L’année 2023 pour la Guadeloupe n’a pas été de tout repos, et l’actualité, pas des plus positives. Cette année a marqué un ralentissement significatif de l’économie de la Guadeloupe, mais en 2024, une conviction guide notre vision de l’évolution politique, économique et financière de la Guadeloupe que nous allons tâcher d’expliciter clairement. Une année nouvelle commence, et avec elle, son lot de bonnes résolutions. Les velléités de réforme des institutions seront au cœur du jeu en 2024.Lors de ses vœux pour la nouvelle année adressés au peuple Guadeloupéen le président du conseil général a lancé un message très clair sur le processus d’évolution des institutions de l’archipel en préconisant la relance du processus de l’évolution statutaire lors d’un prochain congrès prévu en janvier 2024. Dans le même ordre d’idée, le président de la collectivité territoriale de Martinique a interpellé le président Emmanuel Macron pour une ouverture immédiate de négociations sur le chantier de la réforme des institutions. Que nenni tout cela, car s’agit il d’une simple pantomime d’élus locaux désorientés ou sommes nous en présence d’éléments de langage distillés à l’usage de peuples antillais réfractaires à un changement de statut et à qui on voudrait tordre la main ?

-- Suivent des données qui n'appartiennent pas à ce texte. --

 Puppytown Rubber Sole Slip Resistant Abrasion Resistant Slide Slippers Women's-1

Mais la vraie question qui se pose est de savoir pourquoi vouloir à tout prix ouvrir un nouveau chantier de réforme des institutions, alors même que l’économie de la Guadeloupe vient de traverser trois chocs consécutifs. Nous avons eu le Covid, la guerre en Ukraine, puis l’inflation et la crise du coût de la vie. Dans ce contexte, nous avons été témoins des conséquences économiques des tensions géopolitiques, qui ont non seulement eu un impact direct sur les chaînes d’approvisionnement mondiales, mais aussi sur le commerce en Guadeloupe en tant que moteur de croissance. Et indirectement, cet environnement incertain rend plus difficile la confiance et brouille la lecture de l’avenir qui s’avère selon nous sans grand optimisme. Les prévisions sont cette fois-ci plus sombres que d’habitude. Peu de gens croient que cette nouvelle année apportera un soulagement après 2023, qui a été marquée par des guerres en Ukraine et au Moyen-Orient, le ralentissement du développement dans le monde et des températures record sur la planète dans l’histoire de l’observation.

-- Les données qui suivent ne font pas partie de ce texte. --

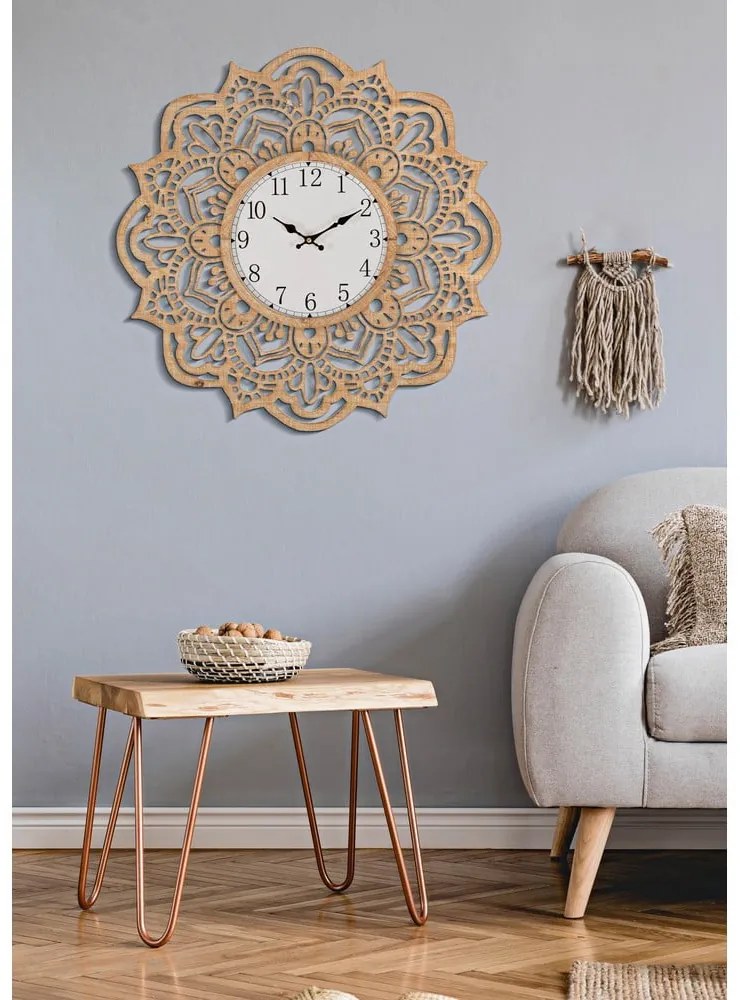 Ceas de perete ø 60 cm Carving – Mauro Ferretti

Au contraire, la plupart des experts et des médias affirment qu’elle sera pire. C’est en tout cas l’impression que l’on a à la lecture de la nuée de leurs prédictions, qui nous parviennent traditionnellement au début de l’année.

Nous saurons lesquelles de ces sombres prédictions se réaliseront dans un an. En attendant, voici une brève liste de raisons de s’inquiéter pour l’année 2024, qui fourmille de prévisions en prévisions. Pour autant, que nous réserve l’économie en 2024 ?

Tout d’abord, une petite forme annoncée de la croissance. Une désinflation qui se profile, mais à un horizon lointain. Des menaces géopolitiques mondiales. Désengagement des banques et baisse des investissements, mais aussi allongement des délais de paiement,.. l’avenir ne semble pas tout rose pour les entreprises. Dans notre région Guadeloupe, une tendance à la chute de la consommation et un resserrement du crédit risque de susciter bon nombre de faillites. La dernière fois que le volume de crédit bancaire avait freiné aussi vite, c’était en 2009, lors de la crise sociale. Les entreprises les plus affaiblies ont aujourd’hui du mal à trouver des financements. D’ailleurs, « la part du crédit sur le PIB est en train de reculer en Guadeloupe », note L’IEDOM.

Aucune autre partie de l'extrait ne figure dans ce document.